DATA FOR THE TASK Block Start

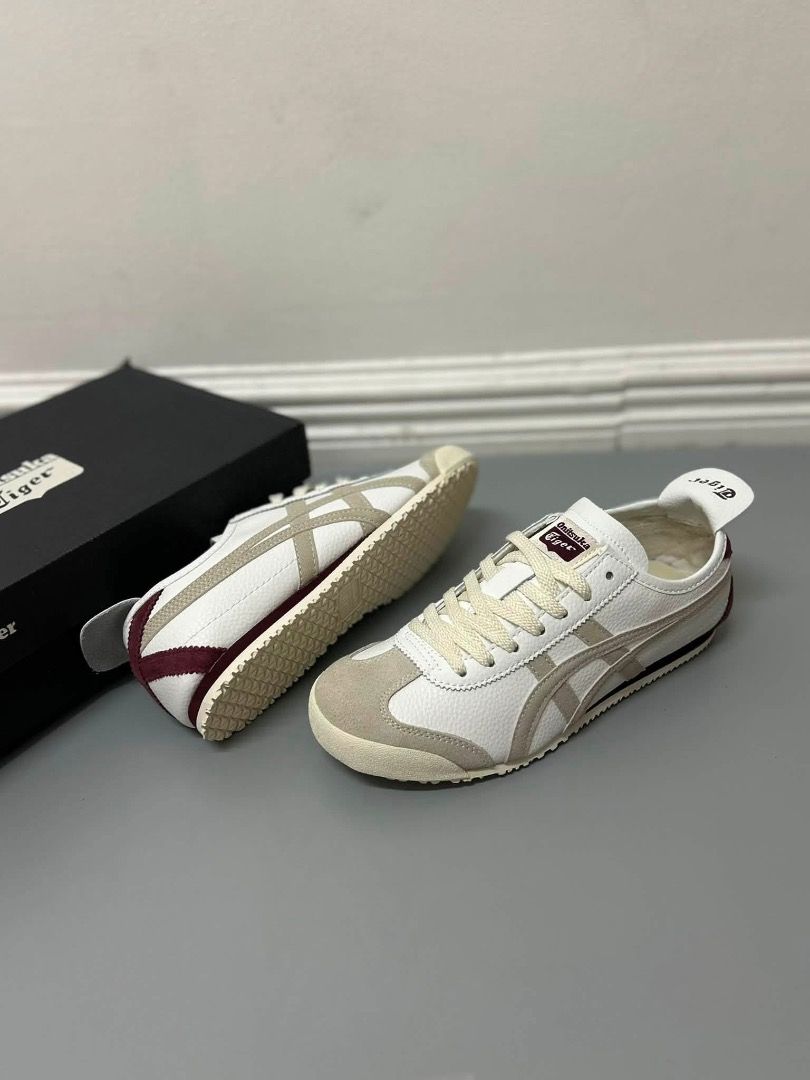 OT Burgundy cream Mexico 66 (Category: Sneakers) located in Quezon City. Submitted by creamymatchaaaaonlyyyy (Listing ID 1467715911, Image 2). Description: -Unauthorized Authentic -Quezon City, Pasong Tamo -With box brandnew -Women size 36-40 Men 41-45 -Mop :maribank gcash bdo , half is accepted if lalamove or cod w dp at least to avoid any cancellations. -no exchange/return -J&T Lalamove LBC.
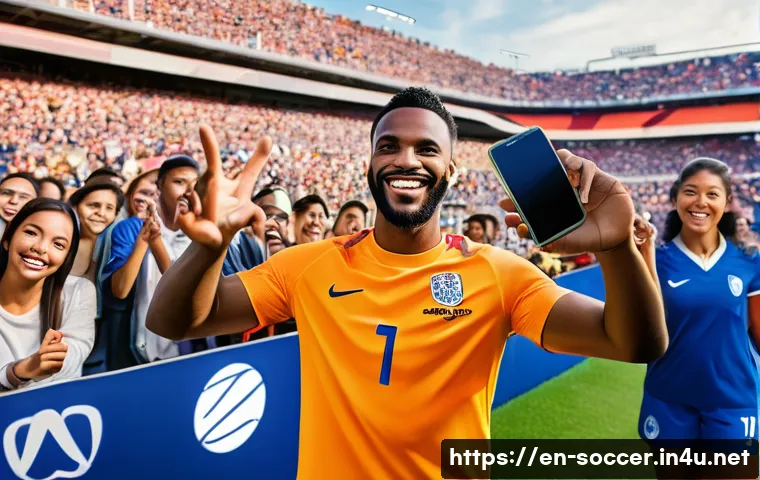 축구 마케팅 성공 사례 - A dynamic scene showcasing a globally renowned football player engaging with fans through an interac...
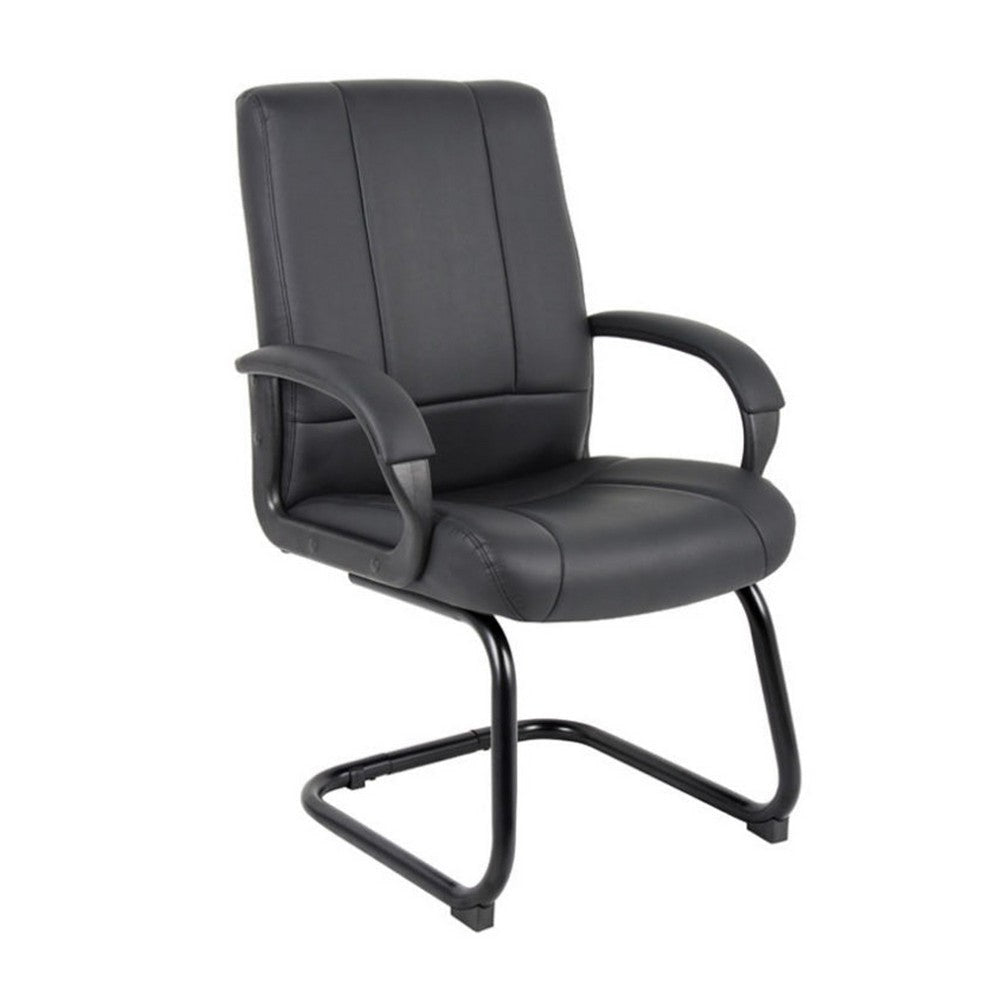 Ruia Mid Back Guest Armchair | Black Soft Vinyl | Cantilever Base BM340790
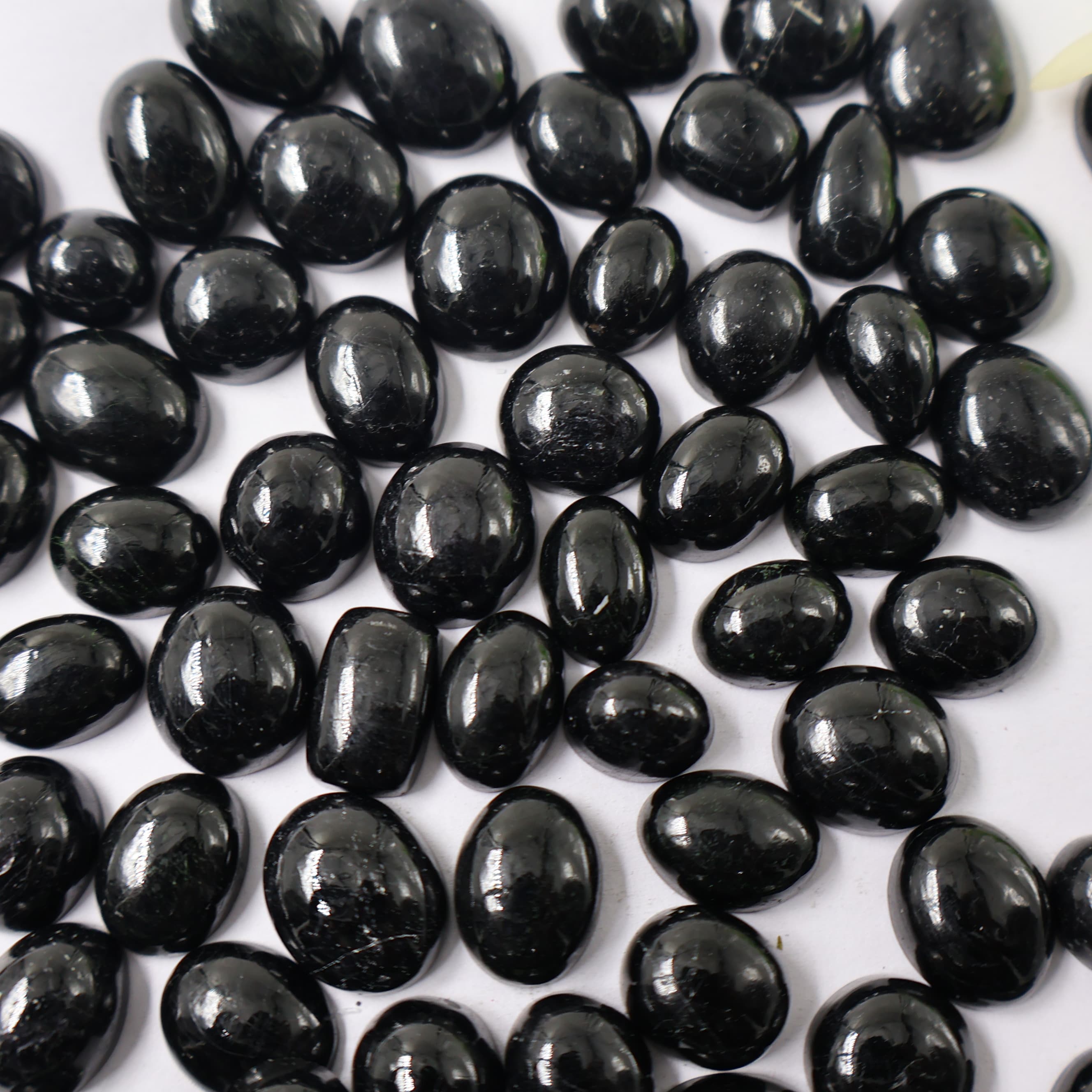 Natural Black Tourmaline Mix Shape -Size Gemstone (Cabochon )  Black Tourmaline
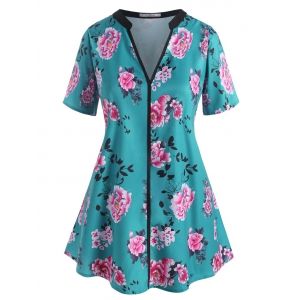 

Plus Size Flower Print V Notch Tunic Blouse, Deep green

DATA FOR THE TASK Block End

EXERCISE DETAILS. Reproduce the entire listing above precisely, but keep the images out.

RESPONSE TO THE TASK.
 OT Burgundy cream Mexico 66 (Category: Sneakers) located in Quezon City. Submitted by creamymatchaaaaonlyyyy (Listing ID 1467715911, Image 2). Description: -Unauthorized Authentic -Quezon City, Pasong Tamo -With box brandnew -Women size 36-40 Men 41-45 -Mop :maribank gcash bdo , half is accepted if lalamove or cod w dp at least to avoid any cancellations. -no exchange/return -J&T Lalamove LBC.
 축구 마케팅 성공 사례 - A dynamic scene showcasing a globally renowned football player engaging with fans through an interac...
 Ruia Mid Back Guest Armchair | Black Soft Vinyl | Cantilever Base BM340790
 Natural Black Tourmaline Mix Shape -Size Gemstone (Cabochon )  Black Tourmaline

Plus Size Flower Print V Notch Tunic Blouse, Deep green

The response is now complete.